As Spider-Man might say, "With great power comes great responsibility." Lead writer Jon Paquette's directives to his three-man team: Research, research, research. And once you absorb that expansive catalogue? Forget it completely! Don't stay married to one specific storyline or character, and create a unique universe.

The writers were presented with a rough outline, one that skips the character's adolescence altogether—those high school years when a lab accident turned ordinary, mild-mannered Peter Parker into our hero. In the game, Peter is 23 years old, a promising young scientist, and, as Spider-Man, practically a crime-fighting veteran.

From there, Paquette and his team let their imaginations run wild. It's a process that echoes the one used by Spider-Man creators Stan Lee and Steve Ditko in the '60s. Known as the "Marvel method," it involved Lee coming up with a basic story arc that Ditko then filled in with action.

"We just had an outline with some beats," says Paquette. "Then we started to develop the gameplay, where the player would be going in the city and what they'd be doing. We can't just have a character who is interesting on the page. We need to know what they do. What kind of problems do they have for a player?"

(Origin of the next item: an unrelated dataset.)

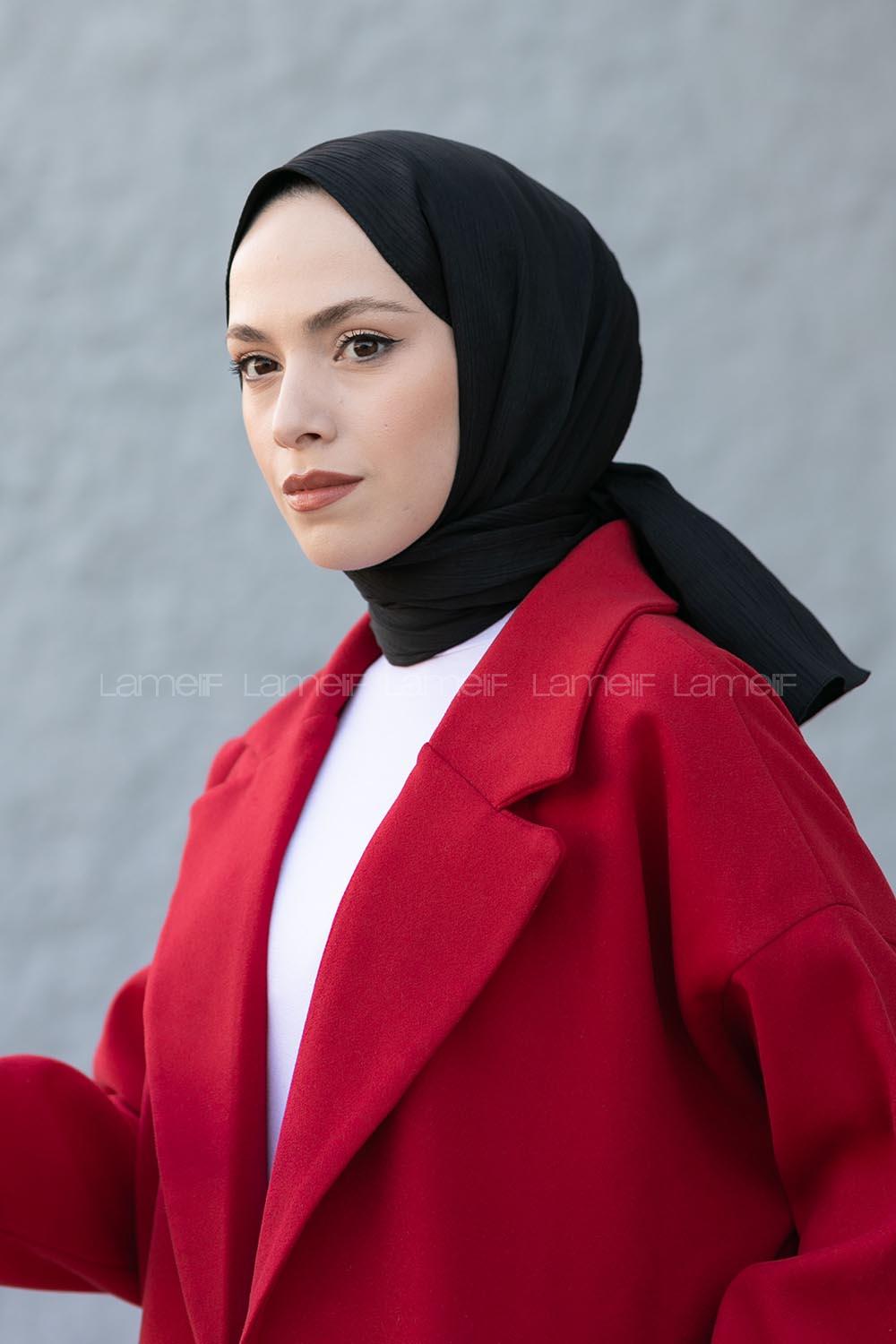 Black Cotton Fabric Viscose Fabric Striped Straight Shawl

Ones that will be spread across a re-creation of New York City, full of real-world landmarks and places only found in the Marvel Universe. Players can swoop low over stalled Fifth Avenue traffic and scale the fictional Oscorp Building in seconds.

The game has received high marks in previews, winning awards—for best console game and best action adventure game—at the annual industry gathering E3 in Los Angeles.

"We want to give you NYC the way you imagined it," says Paquette. "If people can say, 'I felt like Spider-Man, even while sitting on a couch,' that's something other media can't do."